One has amazing fabric and details like brass buttons on the shoulders, but it’s too snug and the neckline is too broad. Another is nearly perfect, with some solid color blocking and 3/4 length sleeves but the shoulders are weird and the neck gapes. The one that fits the best has been worn so much that it has stains and holes.
I don’t normally care for a crew neck in tees, but I wanted to give it a try because it’s so cute on Ryder in the movie. And typically my crew necks are on sporty, promotional tees so this would be a different animal. I was happy with how it turned out!
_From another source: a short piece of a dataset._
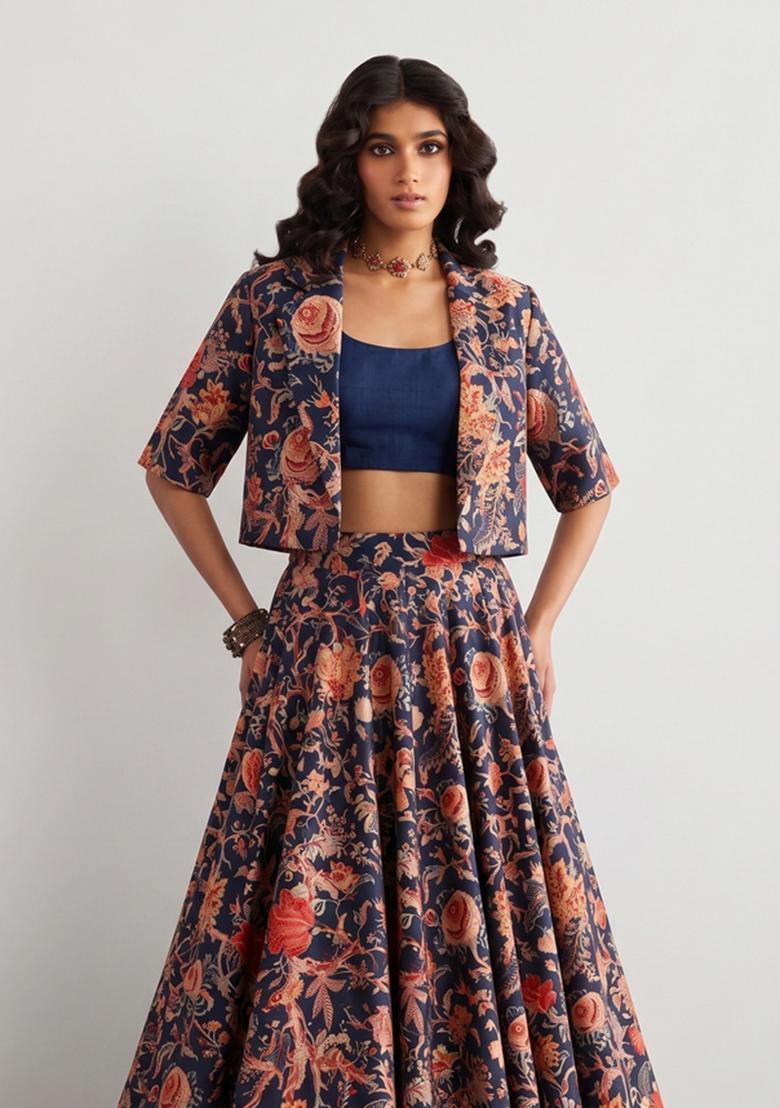 Midnight Blue Printed Crepe Fusion Set - Indya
I used Glenda’s instructions for removing the bust-fitting dart in the Dress Kit. For the neckline, I made a facing out of navy knit, sewed it on with the lightning stitch for stretch, and topstitched it in place with a twin needle. The bottom has a curved hem, inspired by this Pin that demonstrates a flattering hemline for tops when your hip measurement is quite a bit longer than your waist.
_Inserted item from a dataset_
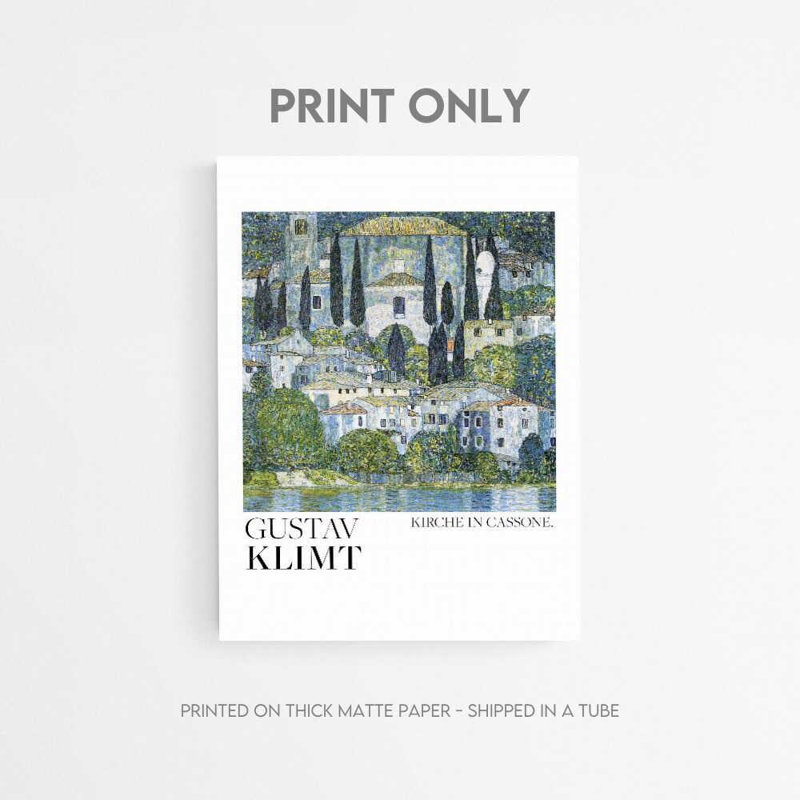 «Kirche in Cassone», reproduction d'art: Gustav Klimt Brushstroke, Tanné, H 40 po x l 30 po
Next time, I need to make a few small adjustments to my SFD blueprint:
The length is a little short, possibly because my measurement from neck to waist was off. I’ll need to lower the waistline and add some to the hemline as well.
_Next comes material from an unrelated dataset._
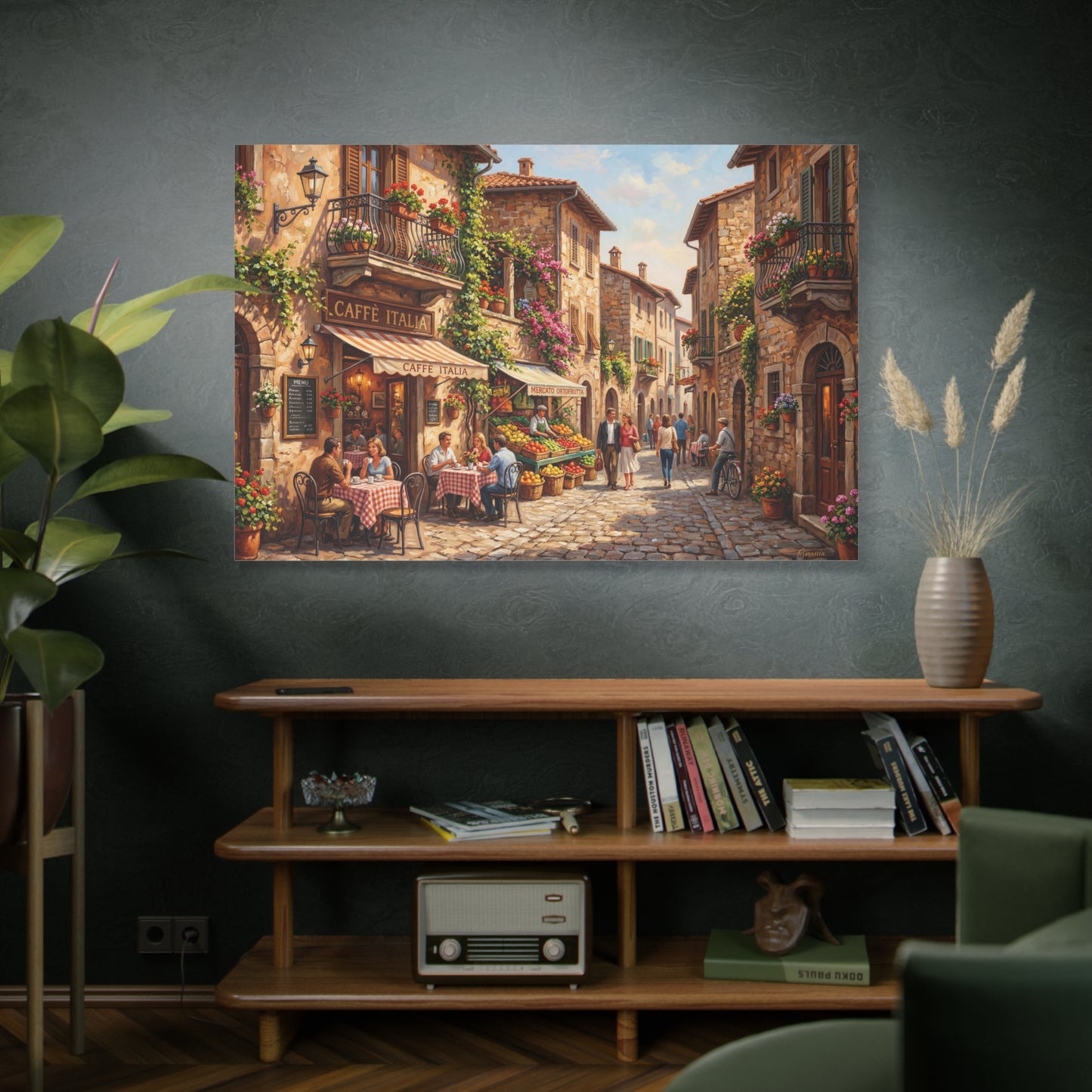 Caffè Italia Street – Charming Italian Village Canvas Wall Art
Shoulders have been an ongoing issue with fitting, but I think the shoulder seam is just a little bit too long here. Shortening that at the shoulder point maybe 1/4″ should help.
Definitely need to try this with a boatneck! Hopefully I have enough fabric left to do a shorter sleeve version with this alternative neckline style.
There’s probably something I can do about those folds going from underarm to neck…the Sure-Fit Designs Facebook group may be able to help with that.
After I made a long sleeve scoop neck tee from a pattern I drafted from a ready-to-wear tee, I was so happy with it that I knew there would be more of them in my future. And all of a sudden, it’s 100°. Meaning it’s time to make a short-sleeve version of it.
For a more polished look, I like a longer, slimmer short sleeve that comes almost to the elbow. I’ve also been wanting to do a rounded hem on the bottom, inspired by a tee in my closet that has a flattering rounded hem but is a little too small.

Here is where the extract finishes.